**EXERCISE DESCRIPTION:** Find the line containing "this 500×282 image." in the data below, then output that line and each one after it exactly, with nothing else.

**INPUT RECORDS:**
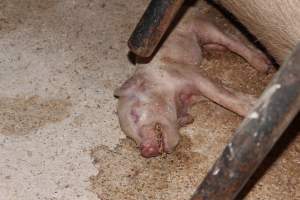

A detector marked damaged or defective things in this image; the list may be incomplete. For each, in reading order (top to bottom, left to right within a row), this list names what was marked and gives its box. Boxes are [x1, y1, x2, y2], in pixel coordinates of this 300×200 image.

rusty metal bar [127, 0, 184, 57]
rusty metal bar [191, 43, 300, 199]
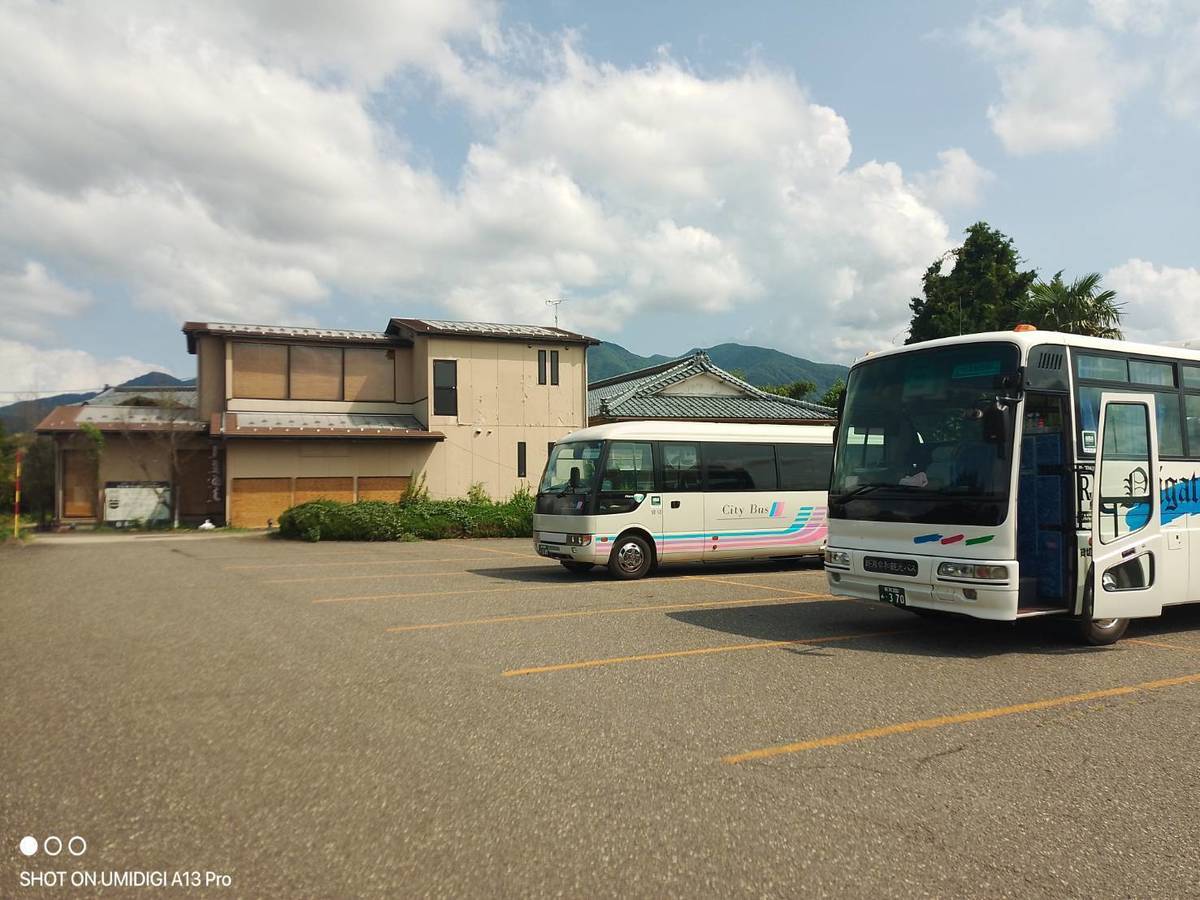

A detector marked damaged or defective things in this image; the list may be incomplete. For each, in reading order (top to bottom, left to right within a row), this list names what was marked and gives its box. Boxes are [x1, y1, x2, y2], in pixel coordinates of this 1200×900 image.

cracked asphalt [2, 532, 1200, 897]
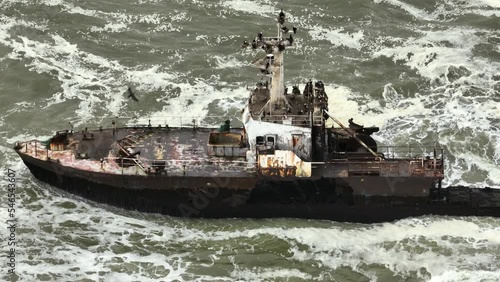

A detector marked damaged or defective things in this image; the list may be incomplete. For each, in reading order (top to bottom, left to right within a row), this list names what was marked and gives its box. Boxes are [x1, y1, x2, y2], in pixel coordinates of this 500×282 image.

rusted ship hull [19, 154, 500, 223]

**WRITTEN SOLUTION:**
A detector marked damaged or defective things in this image; the list may be incomplete. For each, in reading order (top to bottom, left to right within a row), this list names what was marked and gives its box. Boxes are [x1, y1, x2, y2], in pixel coordinates of this 500×282 image.

rusted ship hull [19, 154, 500, 223]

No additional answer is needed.